Potential treatment for Alzheimer's dementia using cell therapy

Researchers from Gladstone Institute uncovered the therapeutic benefits of genetically improving interneurons with a voltage-gated sodium channel Nav1.1 and transplanting them into the brain of a mouse model of Alzheimer's disease. This study is led by Jorge Palop, Ph.D., an assistant investigator at the Gladstone Institutes. The study findings are published in journal Neuron.



Inhibitory interneurons are essential for managing brain rhythms.  They regulate the oscillatory rhythms and network synchrony that are required for cognitive functions. Network dysrhythmias in Alzheimer’s disease and multiple neuropsychiatric disorders are associated with hypofunction of Nav1.1, a voltage-gated sodium channel subunit predominantly expressed in interneurons in Alzheimer’s disease (AD).

Researchers found a way to re-engineer inhibitory interneurons genetically boosted by adding protein Nav1.1 to improve their function. They showed that these enhanced interneurons, when transplanted into the abnormal brain of Alzheimer mice, can properly control the activity of excitatory cells and restore brain rhythms.

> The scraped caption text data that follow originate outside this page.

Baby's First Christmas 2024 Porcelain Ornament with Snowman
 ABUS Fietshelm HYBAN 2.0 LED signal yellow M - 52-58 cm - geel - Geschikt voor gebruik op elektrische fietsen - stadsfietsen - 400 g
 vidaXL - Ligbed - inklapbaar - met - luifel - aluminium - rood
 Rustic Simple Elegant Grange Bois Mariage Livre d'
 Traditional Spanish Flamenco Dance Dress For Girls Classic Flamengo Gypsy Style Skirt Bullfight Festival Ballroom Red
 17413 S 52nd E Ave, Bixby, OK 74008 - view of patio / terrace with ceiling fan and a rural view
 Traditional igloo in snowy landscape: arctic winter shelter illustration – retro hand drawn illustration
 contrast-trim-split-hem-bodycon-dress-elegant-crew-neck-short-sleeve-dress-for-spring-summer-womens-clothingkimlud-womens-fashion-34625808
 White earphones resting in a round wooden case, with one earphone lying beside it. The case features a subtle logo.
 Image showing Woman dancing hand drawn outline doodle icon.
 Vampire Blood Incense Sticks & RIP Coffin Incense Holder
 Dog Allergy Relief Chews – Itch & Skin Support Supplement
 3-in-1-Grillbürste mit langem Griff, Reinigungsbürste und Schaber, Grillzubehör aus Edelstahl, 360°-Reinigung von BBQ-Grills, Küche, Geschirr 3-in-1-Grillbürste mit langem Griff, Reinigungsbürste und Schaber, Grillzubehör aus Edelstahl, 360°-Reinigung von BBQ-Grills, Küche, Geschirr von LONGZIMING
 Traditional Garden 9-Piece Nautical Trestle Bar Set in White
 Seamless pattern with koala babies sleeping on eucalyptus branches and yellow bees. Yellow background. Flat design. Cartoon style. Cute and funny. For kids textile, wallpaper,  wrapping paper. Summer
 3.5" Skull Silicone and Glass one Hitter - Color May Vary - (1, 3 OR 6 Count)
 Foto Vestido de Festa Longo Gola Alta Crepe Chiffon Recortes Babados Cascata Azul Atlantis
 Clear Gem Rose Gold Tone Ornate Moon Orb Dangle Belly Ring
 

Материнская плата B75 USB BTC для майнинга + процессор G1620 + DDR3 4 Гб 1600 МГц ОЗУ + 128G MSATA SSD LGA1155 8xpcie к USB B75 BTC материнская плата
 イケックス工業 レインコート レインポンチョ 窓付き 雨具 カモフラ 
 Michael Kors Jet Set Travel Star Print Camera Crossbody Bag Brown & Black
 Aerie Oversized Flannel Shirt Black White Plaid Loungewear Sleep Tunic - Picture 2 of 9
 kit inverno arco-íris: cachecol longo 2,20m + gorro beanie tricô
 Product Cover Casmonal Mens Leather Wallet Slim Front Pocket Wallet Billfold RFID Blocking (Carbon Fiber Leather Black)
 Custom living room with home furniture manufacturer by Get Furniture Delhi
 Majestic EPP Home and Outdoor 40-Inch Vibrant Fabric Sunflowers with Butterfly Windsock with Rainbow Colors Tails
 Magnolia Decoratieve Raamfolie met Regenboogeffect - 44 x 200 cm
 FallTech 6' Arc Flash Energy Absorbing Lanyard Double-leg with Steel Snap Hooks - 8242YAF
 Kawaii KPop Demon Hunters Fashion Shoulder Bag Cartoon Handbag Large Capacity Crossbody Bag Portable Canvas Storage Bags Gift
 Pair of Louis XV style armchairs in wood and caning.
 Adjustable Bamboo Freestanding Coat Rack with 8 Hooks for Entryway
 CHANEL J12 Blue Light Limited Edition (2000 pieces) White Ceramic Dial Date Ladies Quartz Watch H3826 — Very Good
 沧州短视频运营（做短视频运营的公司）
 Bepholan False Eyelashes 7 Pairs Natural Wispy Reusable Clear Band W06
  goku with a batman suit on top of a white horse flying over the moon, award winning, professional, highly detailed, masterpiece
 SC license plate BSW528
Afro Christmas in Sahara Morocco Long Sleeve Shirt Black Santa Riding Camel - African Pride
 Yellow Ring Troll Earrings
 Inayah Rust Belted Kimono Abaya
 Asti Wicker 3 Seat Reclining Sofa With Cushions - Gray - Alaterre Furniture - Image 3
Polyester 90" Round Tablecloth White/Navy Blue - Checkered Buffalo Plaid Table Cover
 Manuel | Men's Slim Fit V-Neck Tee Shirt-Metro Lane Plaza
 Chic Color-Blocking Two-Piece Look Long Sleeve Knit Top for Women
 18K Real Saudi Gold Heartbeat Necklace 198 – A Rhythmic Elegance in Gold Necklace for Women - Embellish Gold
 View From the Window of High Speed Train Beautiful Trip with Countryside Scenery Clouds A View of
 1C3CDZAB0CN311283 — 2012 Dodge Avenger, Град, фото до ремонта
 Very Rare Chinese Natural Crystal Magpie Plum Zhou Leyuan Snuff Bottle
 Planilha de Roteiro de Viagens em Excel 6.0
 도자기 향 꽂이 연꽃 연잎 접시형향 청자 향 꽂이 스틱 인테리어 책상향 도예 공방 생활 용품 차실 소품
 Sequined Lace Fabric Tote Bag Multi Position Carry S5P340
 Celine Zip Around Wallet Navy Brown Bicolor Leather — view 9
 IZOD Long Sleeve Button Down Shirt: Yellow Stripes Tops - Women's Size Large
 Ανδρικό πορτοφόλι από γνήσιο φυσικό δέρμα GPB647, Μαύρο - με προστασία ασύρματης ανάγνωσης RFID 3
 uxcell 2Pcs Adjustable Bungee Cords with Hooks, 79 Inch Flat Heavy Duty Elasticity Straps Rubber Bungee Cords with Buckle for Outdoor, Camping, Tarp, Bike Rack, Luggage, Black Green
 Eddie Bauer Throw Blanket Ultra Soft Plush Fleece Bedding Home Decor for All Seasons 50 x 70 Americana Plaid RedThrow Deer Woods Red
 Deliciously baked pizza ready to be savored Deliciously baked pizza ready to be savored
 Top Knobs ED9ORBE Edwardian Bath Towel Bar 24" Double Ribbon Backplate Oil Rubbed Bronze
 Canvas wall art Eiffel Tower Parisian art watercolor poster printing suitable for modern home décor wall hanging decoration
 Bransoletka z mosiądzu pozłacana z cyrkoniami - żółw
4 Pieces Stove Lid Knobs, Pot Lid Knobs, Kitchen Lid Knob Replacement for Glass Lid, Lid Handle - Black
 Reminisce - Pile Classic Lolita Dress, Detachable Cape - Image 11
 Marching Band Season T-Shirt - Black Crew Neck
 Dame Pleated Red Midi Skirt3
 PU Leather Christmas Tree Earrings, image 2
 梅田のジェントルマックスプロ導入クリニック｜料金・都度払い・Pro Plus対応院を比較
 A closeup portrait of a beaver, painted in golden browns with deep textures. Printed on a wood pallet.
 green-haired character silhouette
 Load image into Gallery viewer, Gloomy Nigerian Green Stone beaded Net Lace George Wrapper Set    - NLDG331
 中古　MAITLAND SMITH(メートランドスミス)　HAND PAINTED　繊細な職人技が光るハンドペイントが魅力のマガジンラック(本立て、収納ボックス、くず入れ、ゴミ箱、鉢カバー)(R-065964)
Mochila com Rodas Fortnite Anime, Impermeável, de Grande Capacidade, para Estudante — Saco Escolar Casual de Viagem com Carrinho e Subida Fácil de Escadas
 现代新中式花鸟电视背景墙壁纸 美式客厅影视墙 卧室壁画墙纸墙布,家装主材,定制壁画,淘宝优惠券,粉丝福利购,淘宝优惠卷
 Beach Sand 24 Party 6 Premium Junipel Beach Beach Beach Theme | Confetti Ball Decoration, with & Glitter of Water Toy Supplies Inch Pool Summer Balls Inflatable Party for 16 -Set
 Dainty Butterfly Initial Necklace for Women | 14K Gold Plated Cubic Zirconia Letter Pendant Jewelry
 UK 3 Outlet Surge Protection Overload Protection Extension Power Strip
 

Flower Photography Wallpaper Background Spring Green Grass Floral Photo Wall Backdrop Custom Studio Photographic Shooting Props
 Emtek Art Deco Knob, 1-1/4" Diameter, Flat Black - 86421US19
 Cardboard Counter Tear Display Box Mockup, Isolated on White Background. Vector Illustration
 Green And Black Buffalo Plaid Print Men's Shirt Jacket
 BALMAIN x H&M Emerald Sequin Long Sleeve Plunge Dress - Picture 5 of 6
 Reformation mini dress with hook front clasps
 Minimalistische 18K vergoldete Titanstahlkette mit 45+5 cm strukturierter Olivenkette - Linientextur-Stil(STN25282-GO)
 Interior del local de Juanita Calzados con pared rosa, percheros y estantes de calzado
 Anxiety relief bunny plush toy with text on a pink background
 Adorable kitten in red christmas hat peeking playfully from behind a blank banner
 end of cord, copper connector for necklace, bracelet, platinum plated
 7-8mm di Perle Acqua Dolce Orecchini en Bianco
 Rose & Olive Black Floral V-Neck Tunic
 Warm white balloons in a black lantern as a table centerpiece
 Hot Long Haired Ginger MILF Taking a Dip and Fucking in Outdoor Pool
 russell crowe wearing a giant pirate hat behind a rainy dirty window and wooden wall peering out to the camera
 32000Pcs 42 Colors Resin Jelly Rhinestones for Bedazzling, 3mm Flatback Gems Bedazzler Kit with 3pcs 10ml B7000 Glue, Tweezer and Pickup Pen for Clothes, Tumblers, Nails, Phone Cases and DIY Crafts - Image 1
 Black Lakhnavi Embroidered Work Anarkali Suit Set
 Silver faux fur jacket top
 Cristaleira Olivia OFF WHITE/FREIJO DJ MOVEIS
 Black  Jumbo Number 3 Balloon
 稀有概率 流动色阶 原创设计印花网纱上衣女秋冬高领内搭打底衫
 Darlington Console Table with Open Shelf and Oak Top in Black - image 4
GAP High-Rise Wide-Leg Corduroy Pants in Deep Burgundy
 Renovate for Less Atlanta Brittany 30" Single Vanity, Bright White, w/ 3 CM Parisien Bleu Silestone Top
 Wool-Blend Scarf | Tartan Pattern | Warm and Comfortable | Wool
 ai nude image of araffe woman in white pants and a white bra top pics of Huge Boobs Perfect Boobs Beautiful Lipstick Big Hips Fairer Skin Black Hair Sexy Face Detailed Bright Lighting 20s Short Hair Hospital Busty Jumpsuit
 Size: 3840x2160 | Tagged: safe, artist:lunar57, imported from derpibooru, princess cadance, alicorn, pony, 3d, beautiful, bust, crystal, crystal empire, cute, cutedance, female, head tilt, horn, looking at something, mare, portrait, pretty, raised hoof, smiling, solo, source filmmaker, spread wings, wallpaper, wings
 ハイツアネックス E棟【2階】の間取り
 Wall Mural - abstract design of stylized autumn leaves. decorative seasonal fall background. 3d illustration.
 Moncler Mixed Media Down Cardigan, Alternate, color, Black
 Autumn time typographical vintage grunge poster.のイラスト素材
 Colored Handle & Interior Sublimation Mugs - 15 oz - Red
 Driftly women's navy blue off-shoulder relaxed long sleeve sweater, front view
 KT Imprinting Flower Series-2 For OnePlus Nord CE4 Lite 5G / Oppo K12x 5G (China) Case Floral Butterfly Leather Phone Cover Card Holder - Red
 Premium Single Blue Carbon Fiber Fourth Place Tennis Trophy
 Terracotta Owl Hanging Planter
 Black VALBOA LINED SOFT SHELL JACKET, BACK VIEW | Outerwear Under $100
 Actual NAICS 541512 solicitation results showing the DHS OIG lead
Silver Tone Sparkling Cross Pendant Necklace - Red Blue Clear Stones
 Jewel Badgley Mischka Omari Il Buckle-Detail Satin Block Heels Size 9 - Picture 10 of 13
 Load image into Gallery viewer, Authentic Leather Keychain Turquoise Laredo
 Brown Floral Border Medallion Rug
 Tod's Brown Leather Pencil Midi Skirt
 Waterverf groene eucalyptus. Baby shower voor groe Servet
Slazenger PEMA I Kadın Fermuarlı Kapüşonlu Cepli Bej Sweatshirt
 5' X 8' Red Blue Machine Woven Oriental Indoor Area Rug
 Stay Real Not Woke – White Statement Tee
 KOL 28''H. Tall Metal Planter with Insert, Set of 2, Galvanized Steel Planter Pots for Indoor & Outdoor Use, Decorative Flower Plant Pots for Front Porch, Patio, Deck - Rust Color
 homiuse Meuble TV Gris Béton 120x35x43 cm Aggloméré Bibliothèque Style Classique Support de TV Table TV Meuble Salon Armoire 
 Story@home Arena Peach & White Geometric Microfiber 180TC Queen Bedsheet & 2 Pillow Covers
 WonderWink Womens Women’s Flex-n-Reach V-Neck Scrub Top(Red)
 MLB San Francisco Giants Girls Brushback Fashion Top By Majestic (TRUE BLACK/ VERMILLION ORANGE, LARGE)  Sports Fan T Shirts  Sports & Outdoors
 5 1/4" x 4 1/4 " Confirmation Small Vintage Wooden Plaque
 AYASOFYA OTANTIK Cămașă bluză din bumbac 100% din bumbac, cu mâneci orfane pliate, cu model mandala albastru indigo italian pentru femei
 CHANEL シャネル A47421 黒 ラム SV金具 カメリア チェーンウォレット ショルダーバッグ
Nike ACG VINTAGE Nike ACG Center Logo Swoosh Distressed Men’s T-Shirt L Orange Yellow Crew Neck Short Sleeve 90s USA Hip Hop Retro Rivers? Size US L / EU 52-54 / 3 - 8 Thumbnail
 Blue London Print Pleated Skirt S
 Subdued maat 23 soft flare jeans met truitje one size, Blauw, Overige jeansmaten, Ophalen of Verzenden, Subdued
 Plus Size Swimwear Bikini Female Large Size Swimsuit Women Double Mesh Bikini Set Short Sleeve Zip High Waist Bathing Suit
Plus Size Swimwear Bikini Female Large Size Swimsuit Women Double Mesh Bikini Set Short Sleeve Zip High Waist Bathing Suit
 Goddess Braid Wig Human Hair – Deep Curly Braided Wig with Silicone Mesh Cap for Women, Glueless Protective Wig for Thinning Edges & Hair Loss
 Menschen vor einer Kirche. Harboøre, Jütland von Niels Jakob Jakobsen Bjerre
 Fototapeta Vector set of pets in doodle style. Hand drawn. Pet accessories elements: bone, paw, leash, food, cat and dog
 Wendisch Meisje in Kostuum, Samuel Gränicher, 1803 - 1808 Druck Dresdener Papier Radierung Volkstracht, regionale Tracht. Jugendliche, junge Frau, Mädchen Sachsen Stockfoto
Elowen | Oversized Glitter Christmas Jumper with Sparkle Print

The researchers then discovered that the interneurons with enhanced function were able to overcome the toxic disease environment and restore brain function. The findings could eventually lead to the development of new treatment options for patients with Alzheimer's disease.

In addition to examining if the cell therapy could be translated from mice to humans, researchers are working on pharmaceutical drugs to enhance the function of inhibitory interneurons.

Citation: Martinez-Losa, Magdalena, Tara E. Tracy, Keran Ma, Laure Verret, Alexandra Clemente-Perez, Abdullah S. Khan, Inma Cobos, Kaitlyn Ho, Li Gan, Lennart Mucke, Manuel Alvarez-Dolado, and Jorge J. Palop. "Nav1.1-Overexpressing Interneuron Transplants Restore Brain Rhythms and Cognition in a Mouse Model of Alzheimer’s Disease." Neuron, 2018. doi:10.1016/j.neuron.2018.02.029.

Research funding: National Institutes of Health, Alzheimer's Association; S.D. Bechtel, Jr. Foundation.

Adapted from press release by Gladstone Institutes.